** Opening RECORD EXTRACTS block **
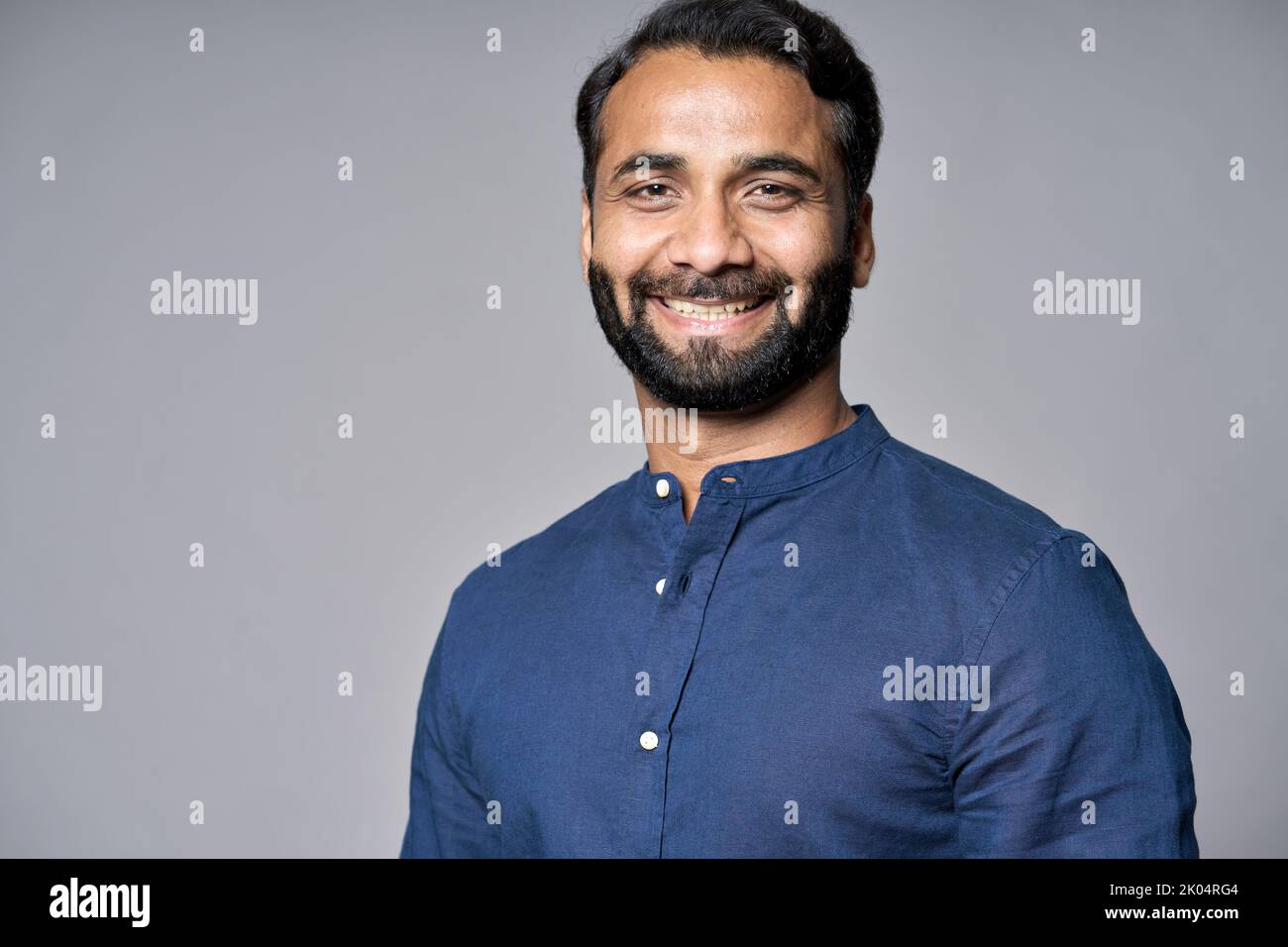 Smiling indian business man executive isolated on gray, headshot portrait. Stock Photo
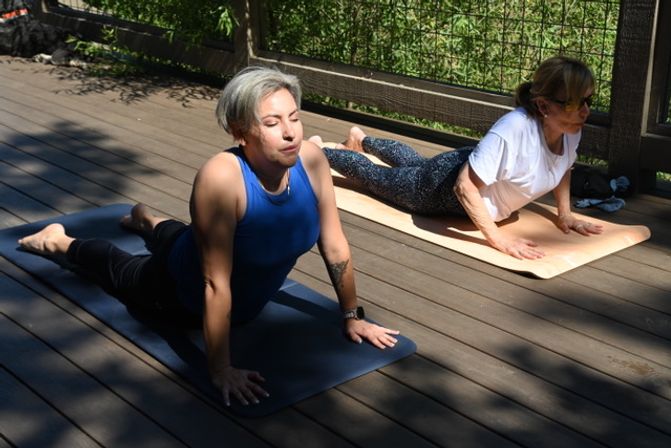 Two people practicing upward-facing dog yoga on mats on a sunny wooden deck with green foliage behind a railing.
** Closing RECORD EXTRACTS block **
** Opening RECORD EXTRACTS block **
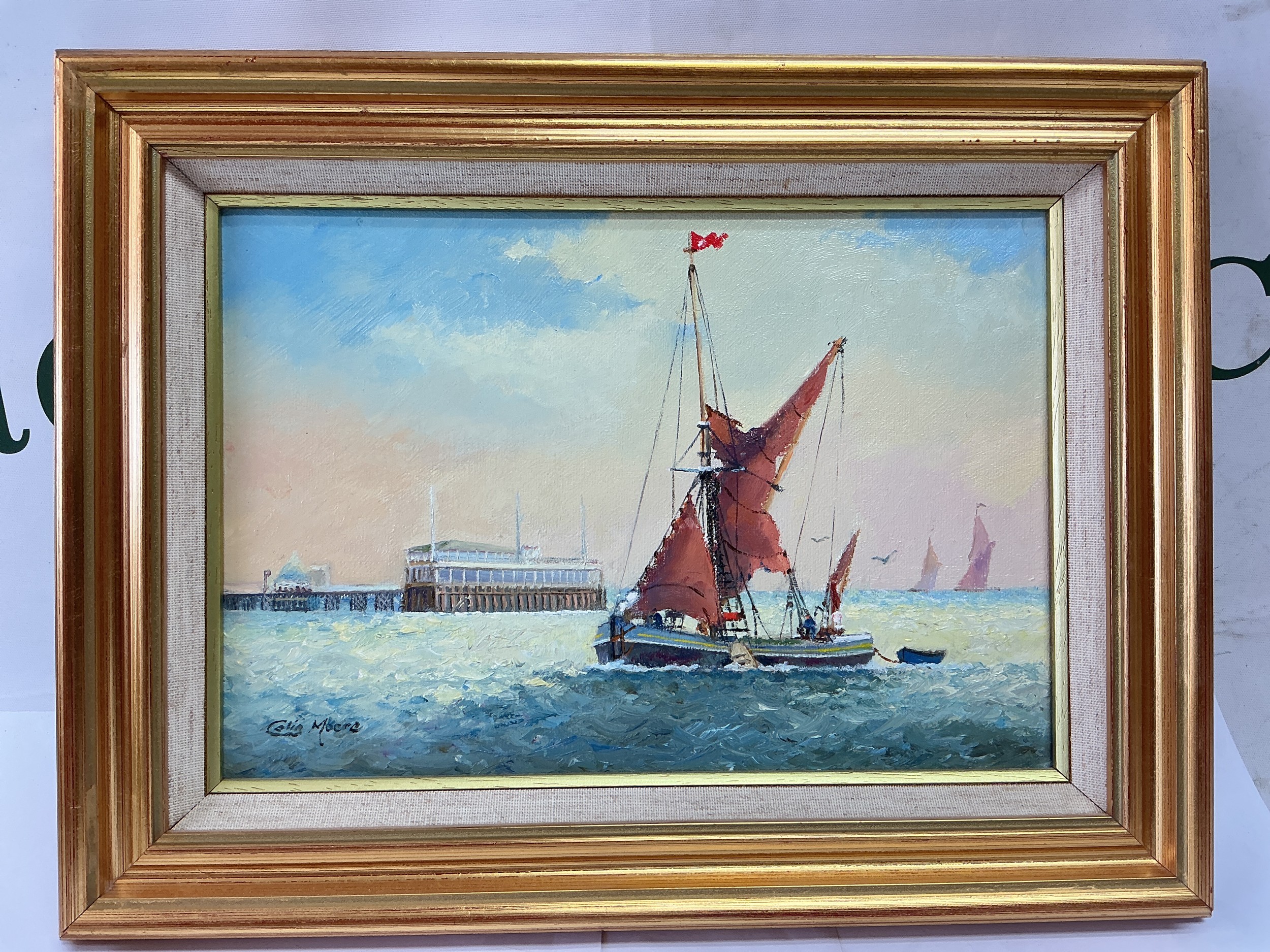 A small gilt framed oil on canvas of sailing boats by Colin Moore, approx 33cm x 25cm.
** Closing RECORD EXTRACTS block **
• _EXERCISE REQUIREMENTS_
Look through the material above. Transcribe exactly the lines between the ones with "Smiling indian business" and "Two people practicing", inclusive, and keep pictures out.

• _FINISHED TASK_
 Smiling indian business man executive isolated on gray, headshot portrait. Stock Photo
 Two people practicing upward-facing dog yoga on mats on a sunny wooden deck with green foliage behind a railing.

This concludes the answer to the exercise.